I looked for the film “My beautiful laundrette”, because I was interested in seeing the British actor Day-Lewis in one of his first performances. Surprisingly, I found a well-made movie about love and racism.
London in the eighties: Omar is the son of an unsuccessful Pakistani journalist and politician. Omar is a fragile young man, well brought up, obedient and silent. His uncle Nasser, one of the richest members of Pakistani community, protects him. Nasser makes Omar responsible for one of his filthy laundrettes.
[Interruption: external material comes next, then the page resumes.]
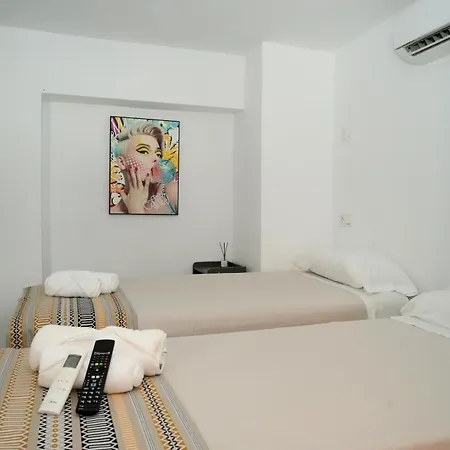 阿尔贝古约维尼尔新艺术旅舍 * 帕爾馬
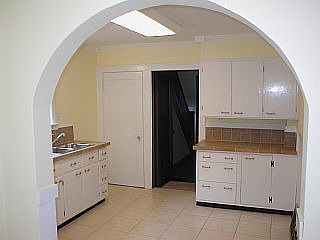 3rd image of 76 Glasgow Ave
He doesn’t expect very much from his nephew, but Omar always smiles and thanks for everything.
But the point of the movie are the secrets Omar hides. Indeed, he is an entrepreneur and he is going to change his uncle’s mucky laundry into a brilliant business. The power which moves him is not other than love. He gives a job to his boyfriend Johnny (Day-Lewis), a typical work-class hooligan. This gay relationship cannot be accepted by the Muslim world of the Anglo-Pakistanis, neither by the racist low-class friends of Johnny, but it doesn’t matter to the lovers, and the laundry cash-register doesn’t stop. In one way, I think this film is smarter than the pretentious “Brokeback Mountain”, because unlike that one, gay love plays here a coherent role.
Stephen Frears used this innovative screenplay by Kureishi to raise doubts about some of the more solid cultural prejudices in intercultural societies. Nasser, Omar’s uncle, is a gangster, as criminal and corrupt as a white British could be. And love between Omar and Johnny is as beautiful, difficult and passionate as the love between two white British gays could be.